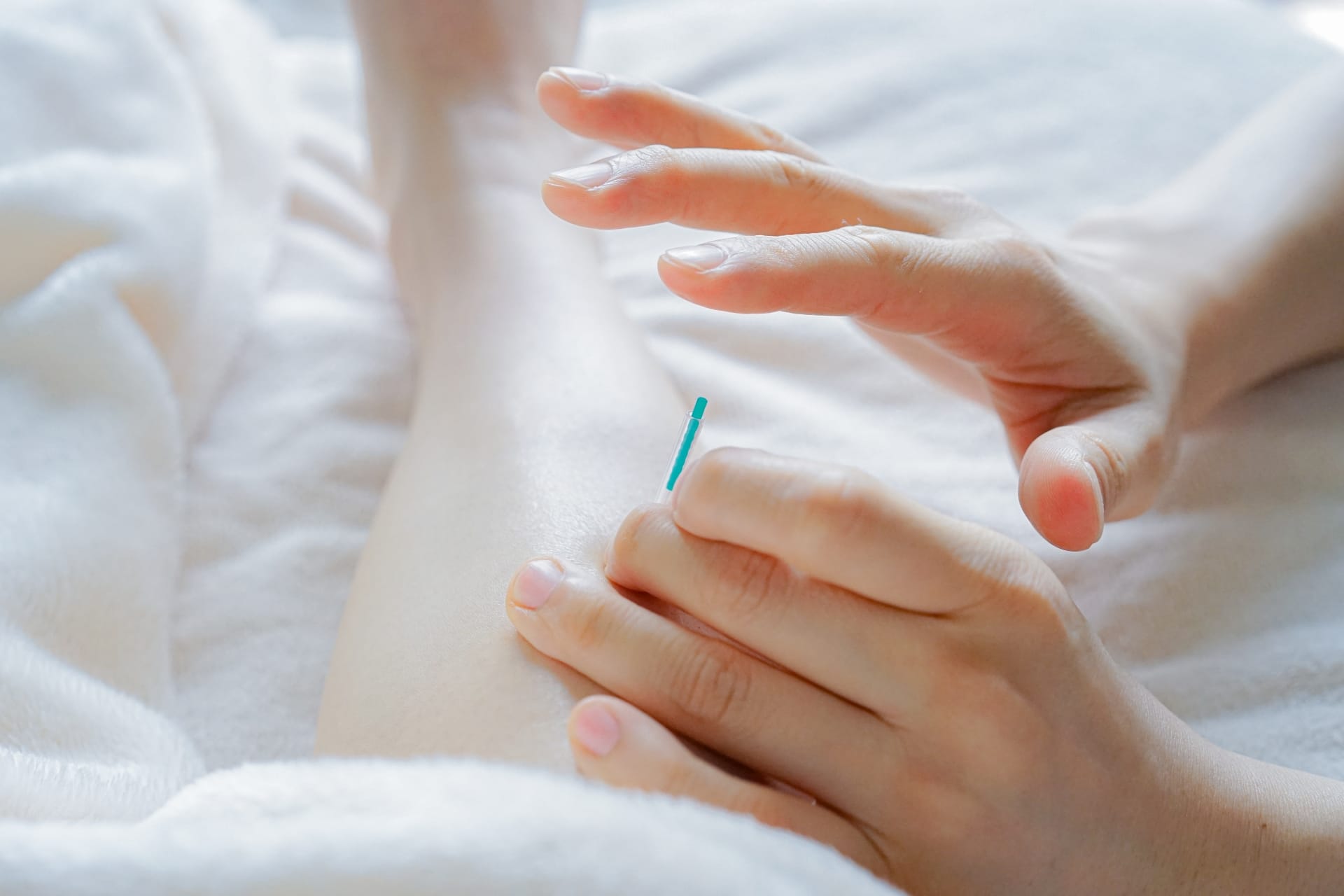 鍼治療の写真 不妊治療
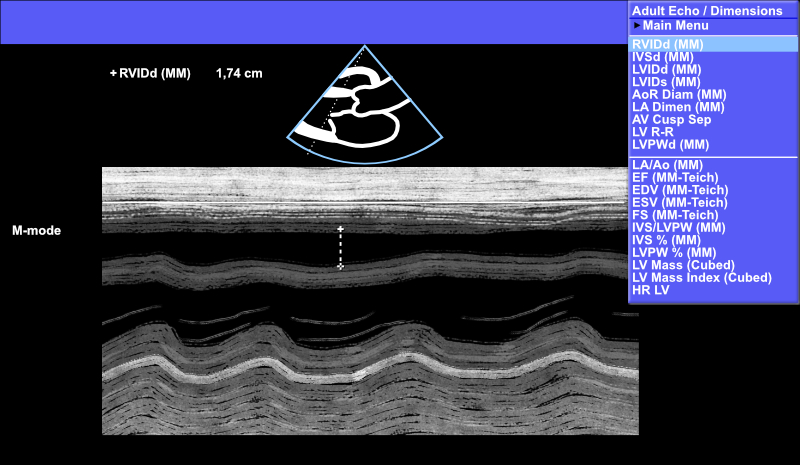 Right ventricular (RV) measurement using M-mode - rarely performed measurement.
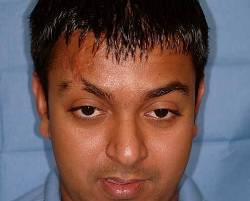Before Image: Patient # 54163 - 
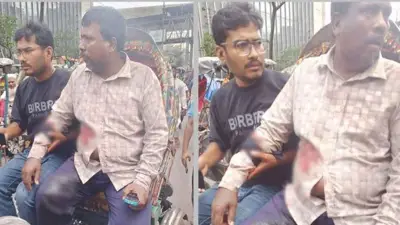 মতিঝিলে ব্যবসায়ীকে গুলি করে ১৭ হাজার ডলার ছিনতাই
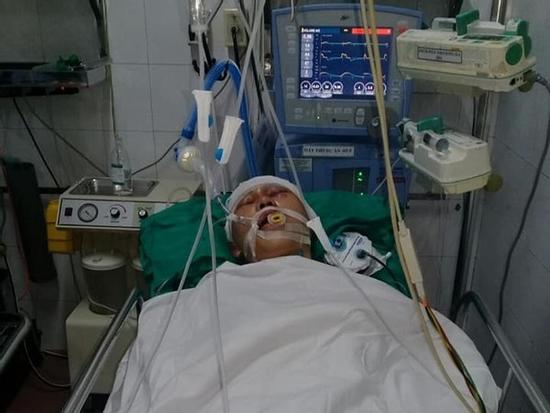 Nam sinh 17 tuổi bị nhóm đối tượng đánh chấn thương sọ não, hôn mê bất tỉnh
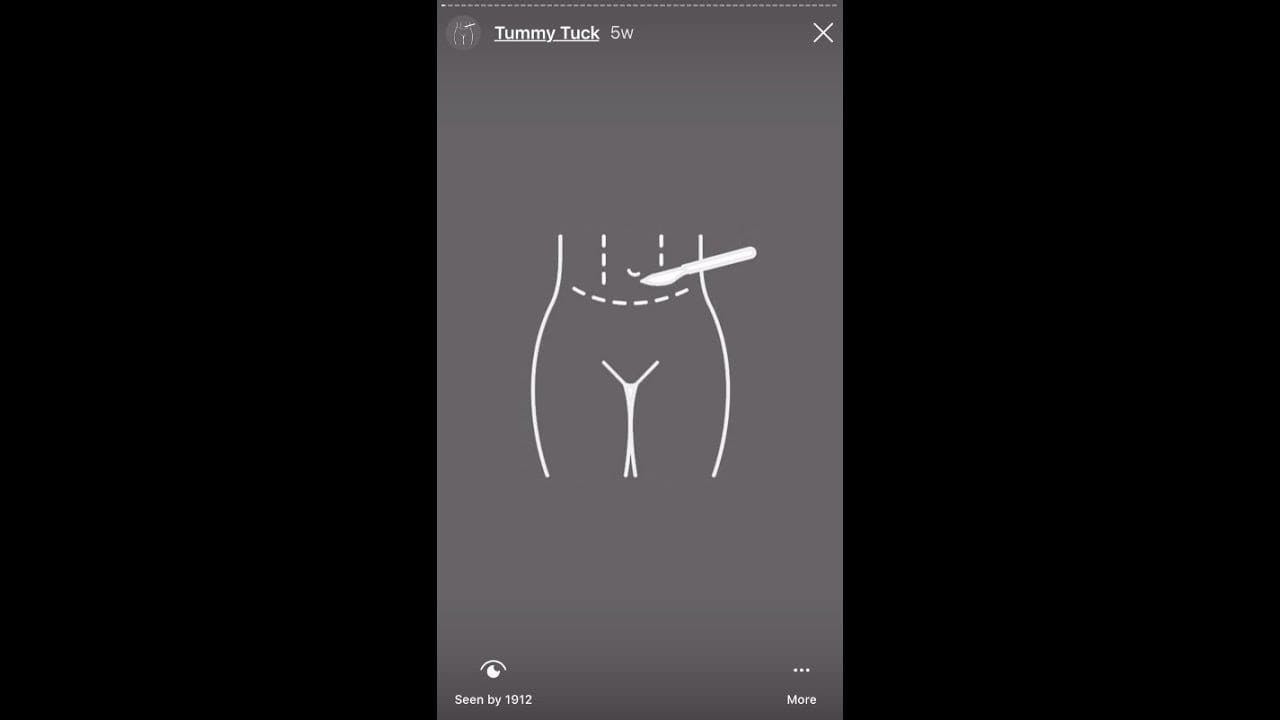 Colorado Plastic Surgery Center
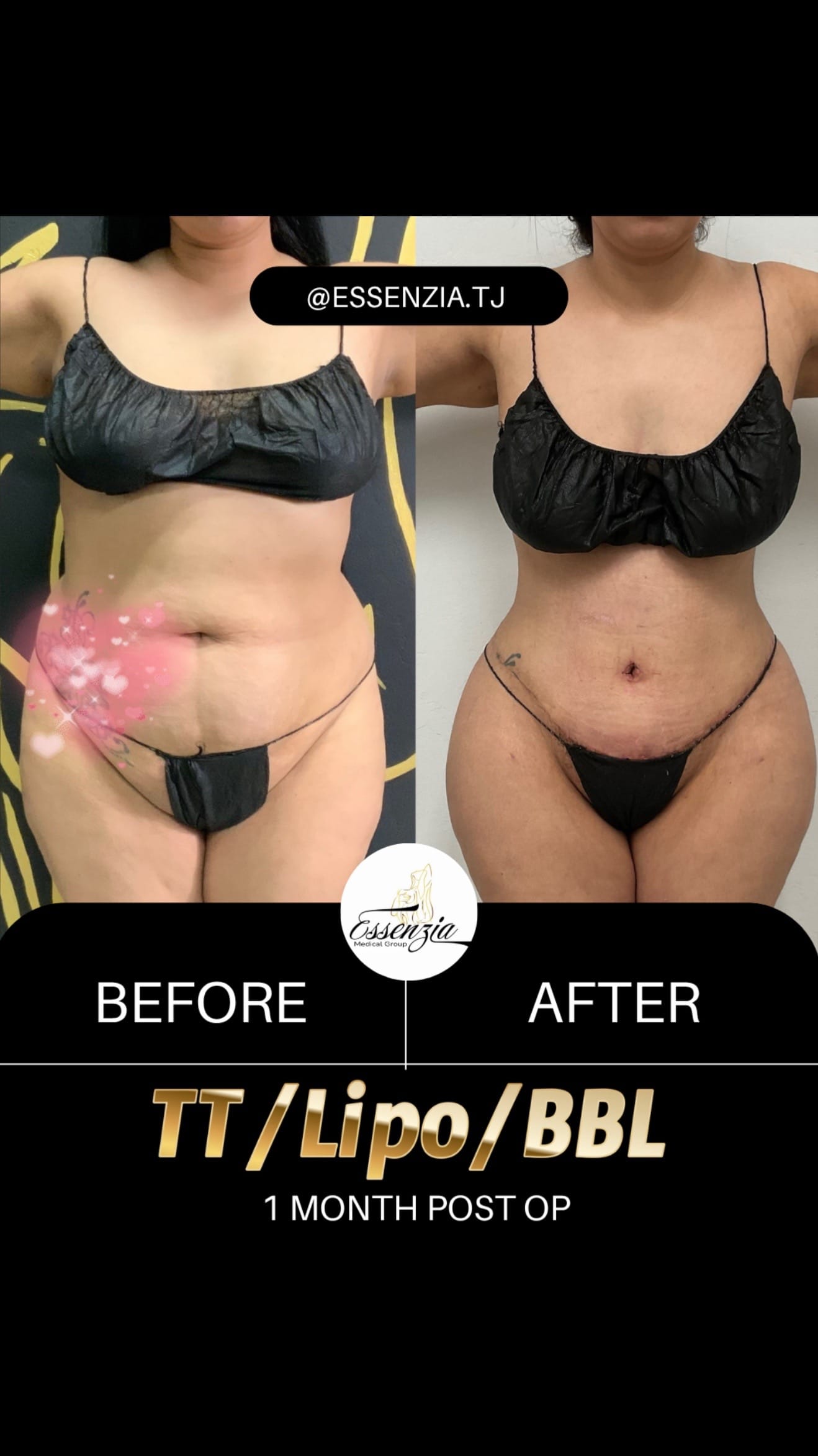 Post 1 by Essenzia Medical Group on TikTok (video)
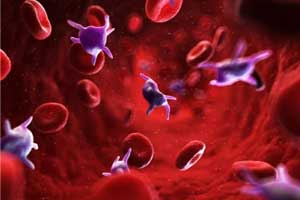 No need to treat Isolated mild/moderate thrombocytopenia : Study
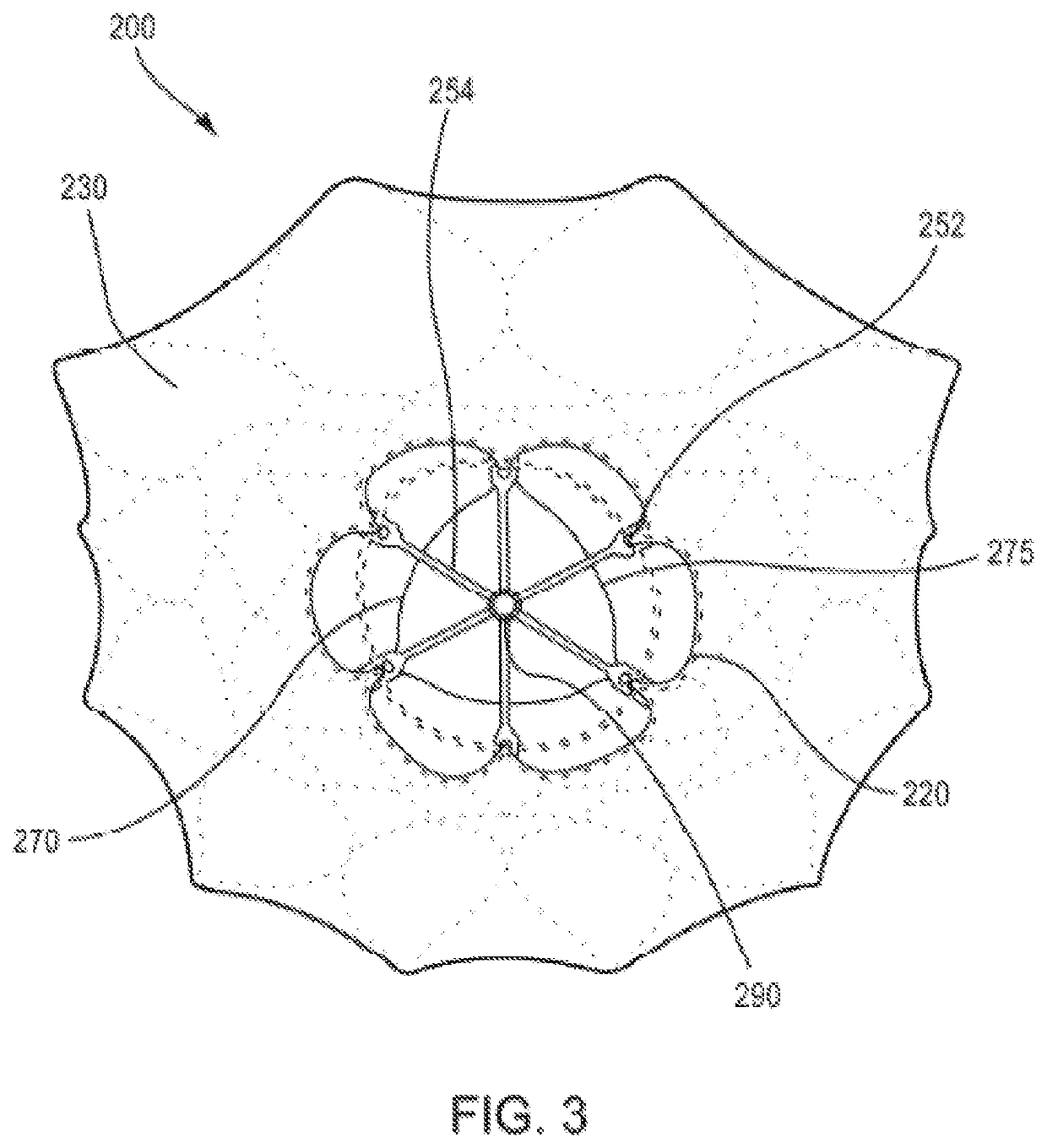 Prosthetic Heart Valve And Methods For Cardiac Hemodynamic Optimization And Monitoring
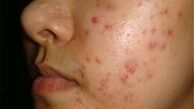 باورهای غلط درباره آکنه را فراموش کنید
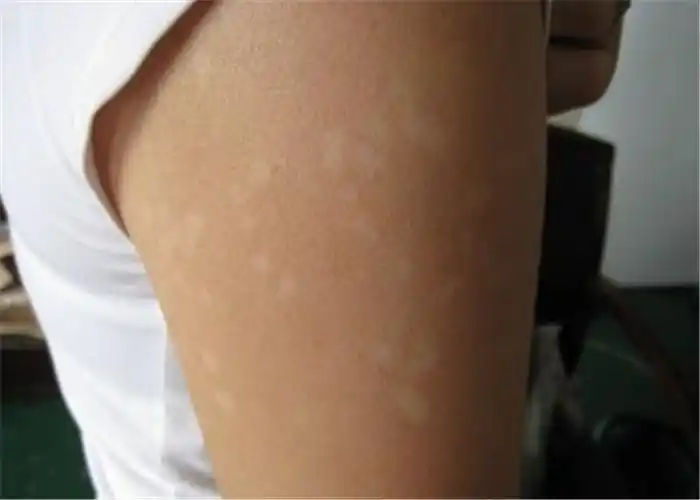 花斑癣手臂上的初期症状图片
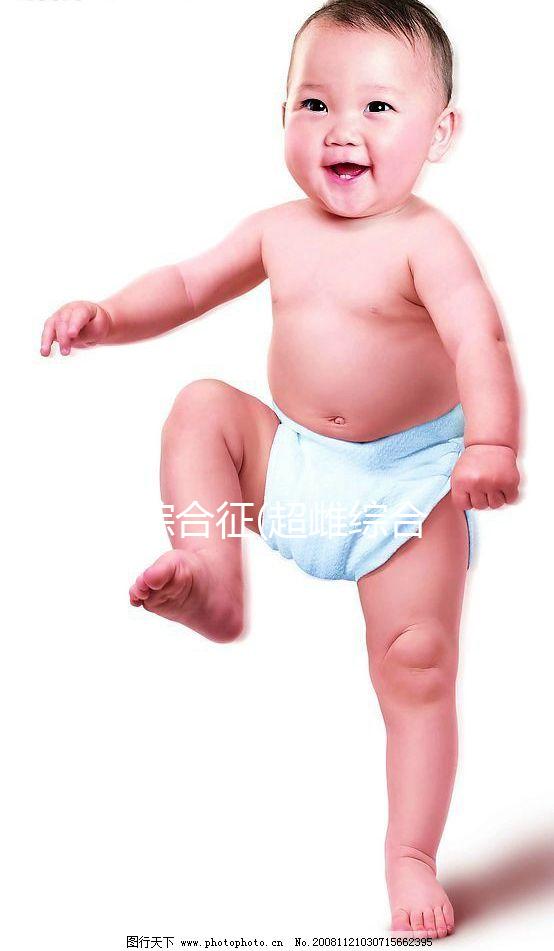 XXX綜合征(超雌綜合征)是什么？一種性染色體異常的疾病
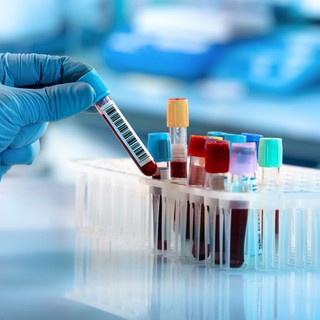 Ez az antitest már évekkel előre jelezheti a sclerosis multiplex kockázatát című cikk nyitóképe
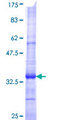 SLC6A3 / Dopamine Transporter Protein - 12.5% SDS-PAGE Stained with Coomassie Blue.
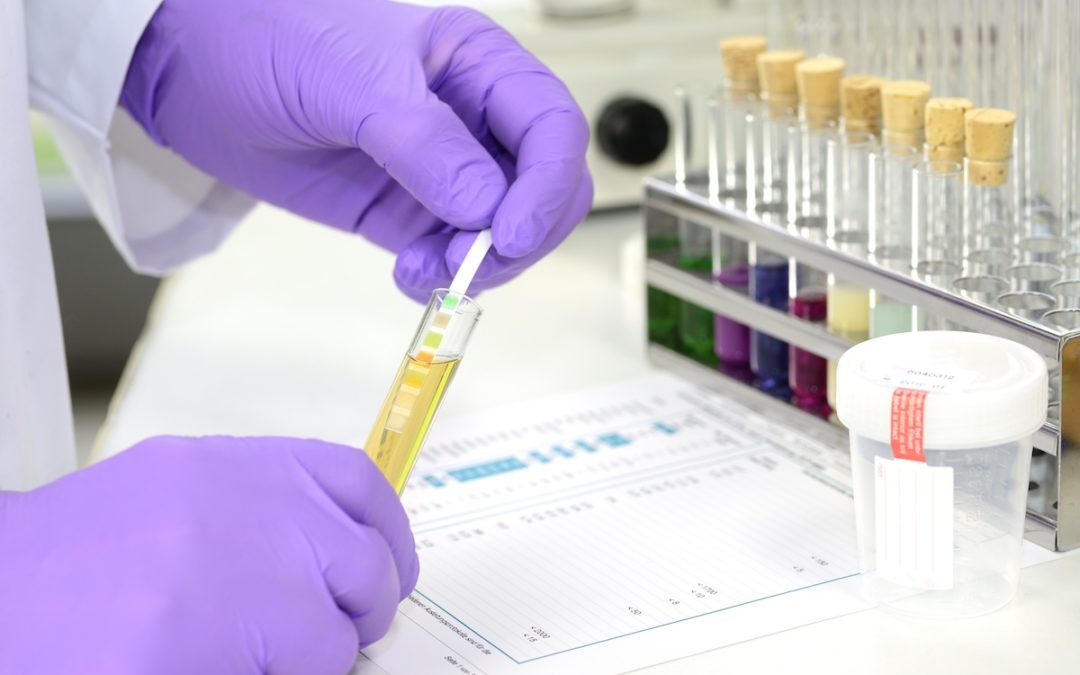 How Drug Testing Changes Affect Employers and the Healthcare Industry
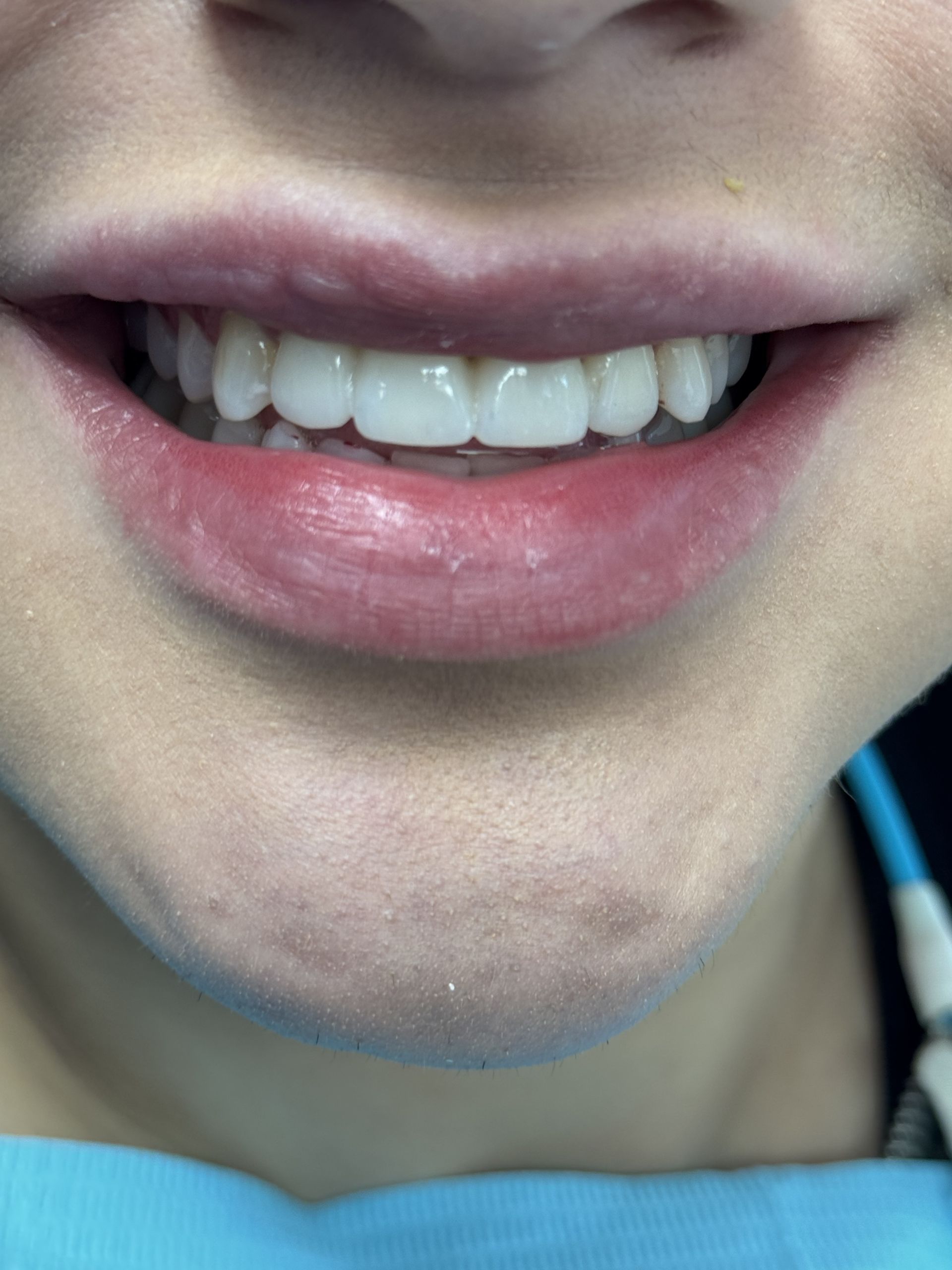 A close up of a man 's mouth with a missing tooth.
**********
*ACTIVITY:* Repeat the material exactly as it reads, without any of its pictures.

*RESPONSE:*
 鍼治療の写真 不妊治療
 Right ventricular (RV) measurement using M-mode - rarely performed measurement.
Before Image: Patient # 54163 - 
 মতিঝিলে ব্যবসায়ীকে গুলি করে ১৭ হাজার ডলার ছিনতাই
 Nam sinh 17 tuổi bị nhóm đối tượng đánh chấn thương sọ não, hôn mê bất tỉnh
 Colorado Plastic Surgery Center
 Post 1 by Essenzia Medical Group on TikTok (video)
 No need to treat Isolated mild/moderate thrombocytopenia : Study
 Prosthetic Heart Valve And Methods For Cardiac Hemodynamic Optimization And Monitoring
 باورهای غلط درباره آکنه را فراموش کنید
 花斑癣手臂上的初期症状图片
 XXX綜合征(超雌綜合征)是什么？一種性染色體異常的疾病
 Ez az antitest már évekkel előre jelezheti a sclerosis multiplex kockázatát című cikk nyitóképe
 SLC6A3 / Dopamine Transporter Protein - 12.5% SDS-PAGE Stained with Coomassie Blue.
 How Drug Testing Changes Affect Employers and the Healthcare Industry
 A close up of a man 's mouth with a missing tooth.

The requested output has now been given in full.